Successful trading is slightly more complex than that and it involves taking opportunities involving several different components saying the same thing at the same time. 

I have spent hours and hours testing candlestick patterns, chart patterns and indicators and there is no consistency in their patterns. They work sometimes and not others. There is no magic formula involving any one tool that works sufficiently well to enable traders to rely on them on their own to produce profitable results. 

Successful trading strategies involve the use of several tools and resources at once and employing them together to form a strategy that works consistently. 

All information on a trading chart is produced by price action and volume, and it is possible to just use price action on its own but you will also need to pay close attention to additional factors like support and resistance levels, trends and trendlines rather than just the candlesticks or price lines themselves. 

When several factors all say the same thing on a trading chart then you can say that you have “Confluence” for your trade. 
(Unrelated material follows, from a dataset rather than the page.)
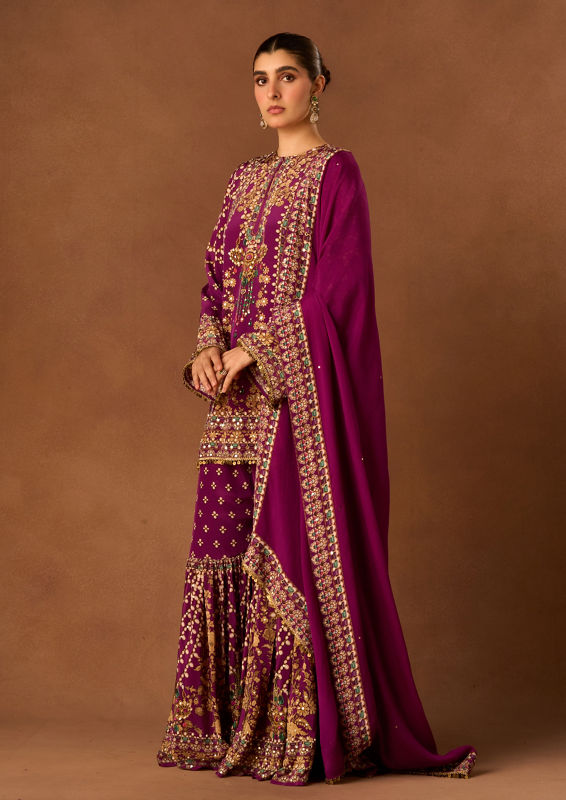 Twamev Women Purple Crepe Stitched Suit with Embroidery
Your trades must have each of the three aspects: Context, Content and Confluence to be effective within a profitable trading strategy. 

What we are talking about here is doing the Duck Test on your trades. 

The duck test taps into the potential of the human brain to use intuition to deduce a likely outcome.

It has been use to identify possible criminals in the US, and by the UK HMRC as a test for how they may identify a Company for tax purposes. 

The Duck Test goes like this:

If it looks like a duck, swims like a duck and quacks like a duck then it is probably a duck! 

Does the trade setup have context, content and confluence – this is the same principle!

Let’s look at Context in terms of trading first then:

Context is something that gives you a guide as to where price is currently in relation to where it has been in the past and the type of trading conditions that the market is in. 

In terms of market conditions, I am talking about, is the market trending upwards, downward, or is it in a range? If it is in a range, then how wide is the range? If it is trending then what stage of the trend is it in? Is it in breakout phase? Is it in the trend channel phase? 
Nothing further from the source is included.